I
sette frammenti radunati sotto L’angelo necessario sono l’unico esemplare in prosa di Wallace Stevens e
uno strumento vitale per comprendere l’essenza dell’arte. “Una forza capace di
generare fluttuazioni della realtà prive di misticismo è una forza indipendente
dal desiderio che si può avere di innalzarla. Non he ha bisogno. Si deve solo
descriverla, come meglio si può” ed è quello che prova a fare Wallace Stevens
in questi Saggi sulla realtà e l’immaginazione: il poeta, uno dei più grandi poeti americani del
ventesimo secolo, concede con generosità libero accesso agli ampi spazi dei
suoi percorsi, rispondendo convinto all’idea che “uno dei compiti da sempre
assegnati al poeta è quello di scoprire attraverso il proprio pensiero e le
proprie emozioni che cosa sia per lui, in quel momento, la poesia.
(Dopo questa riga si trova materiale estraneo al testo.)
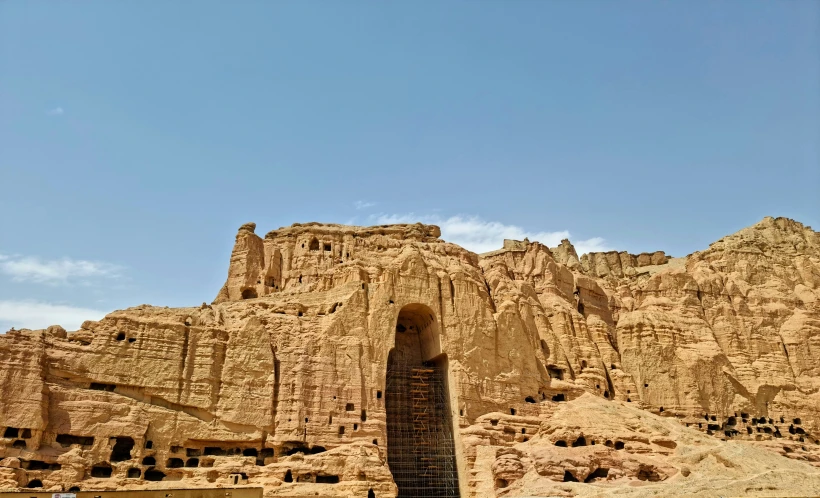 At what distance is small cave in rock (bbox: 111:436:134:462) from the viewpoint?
35438 millimetres

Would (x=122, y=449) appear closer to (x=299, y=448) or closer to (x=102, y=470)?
(x=102, y=470)

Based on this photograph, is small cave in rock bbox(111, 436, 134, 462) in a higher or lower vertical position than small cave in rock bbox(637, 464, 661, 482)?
higher

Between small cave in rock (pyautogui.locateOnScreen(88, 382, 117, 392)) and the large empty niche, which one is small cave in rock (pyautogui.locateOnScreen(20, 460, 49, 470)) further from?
the large empty niche

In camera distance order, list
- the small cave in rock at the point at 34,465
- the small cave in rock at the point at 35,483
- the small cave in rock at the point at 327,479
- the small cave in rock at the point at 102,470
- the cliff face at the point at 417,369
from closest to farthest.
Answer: the small cave in rock at the point at 35,483 < the small cave in rock at the point at 34,465 < the small cave in rock at the point at 102,470 < the cliff face at the point at 417,369 < the small cave in rock at the point at 327,479

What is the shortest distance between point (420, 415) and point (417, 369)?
2825 millimetres

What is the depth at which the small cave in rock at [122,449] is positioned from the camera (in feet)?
116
Di solito è
nella sua poesia, con la poesia stessa, che egli rivela le sue scoperte”. Le
liriche di Wallace Stevens sono, in effetti, l’incredibile che serve per
credere, o la resa incondizionata all’irreale, almeno “ogni volta che ci è
possibile farlo”, mentre la profondità delle riflessioni allineate con L’angelo
necessario sembrano davvero
delimitare i confini dell’immaginario e dell’infinito assedio a cui è
sottoposto perché “la vita, non l’artista, crea o rivela la realtà”, idea
ribadita ancora quando dice che “se l’immaginazione non trae forza dalla
realtà, non ha forza alcuna”. Per rivelare questo tratto, che si appoggia a una
fittissima filigrana filosofica, Wallace Stevens non si confonde in voli pindarici
o in contorte spirali di elucubrazioni. La sua scrittura, sia poesia, saggio o
critica, si avvale di una chiarezza, di un’espressione limpida e naturale,
ricca e nello stesso tempo cristallina, come se fosse sempre l’inizio di
qualcosa che sta “sempre iniziando” e non avesse bisogno altro, se non di
rendersi viva. Pare logico quindi che, tra le varie forme di realtà e
immaginazione archiviate con L’angelo necessario, tocchi proprio alla musica, il fenomeno più
istintivo e spontaneo, a tenere insieme gli accordi dell’esperienza perché,
scrive un’illuminato Wallace Stevens, “la musica influenza ciò che vediamo, lo
rende ambiguo, a volte simile a qualcosa, a volte a qualcos’altro. Nel
frattempo, però, la storia viene narrata e la musica ci esalta, la identifichiamo
con la storia ed essa diviene la storia e la velocità con cui la seguiamo.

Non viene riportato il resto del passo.